____ COLLECTED DATA
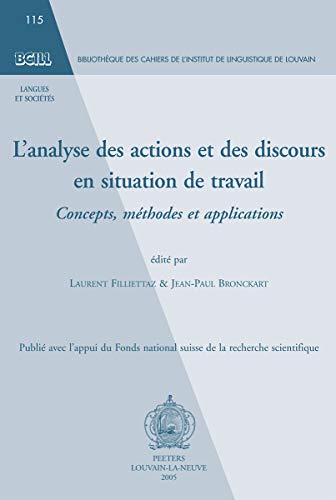 L'analyse des actions et des discours en situation de travail: Concepts, methodes et applications (Bibliotheque des Cahiers de l'Institut de Linguistique de Louvain (BCILL)) - J-P Bronckart und L. Filliettaz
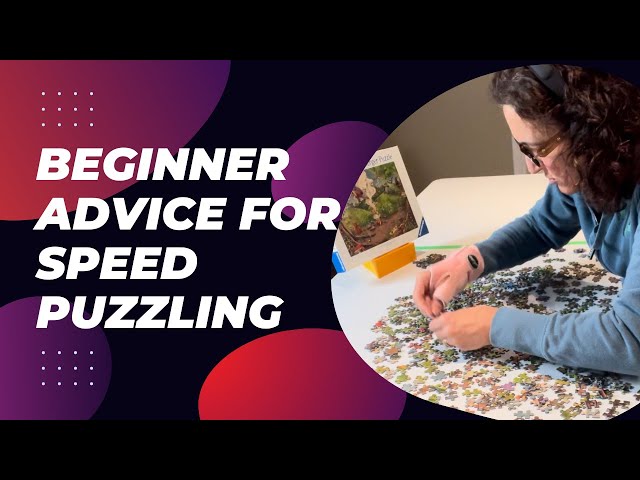 Journey Into The World Of Speed Puzzling - Advice And Tips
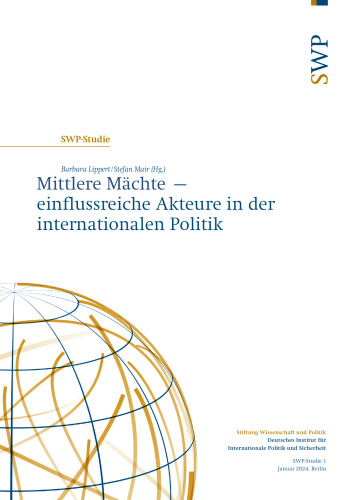 Mittlere Mächte – einflussreiche Akteure in der internationalen Politik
________
• **WHAT IS REQUIRED**: Take the lines from the one holding "Journey Into The" through the last line of the data above and copy them exactly, both ends included, omitting all pictures.

• **EXERCISE OUTPUT**:
 Journey Into The World Of Speed Puzzling - Advice And Tips
 Mittlere Mächte – einflussreiche Akteure in der internationalen Politik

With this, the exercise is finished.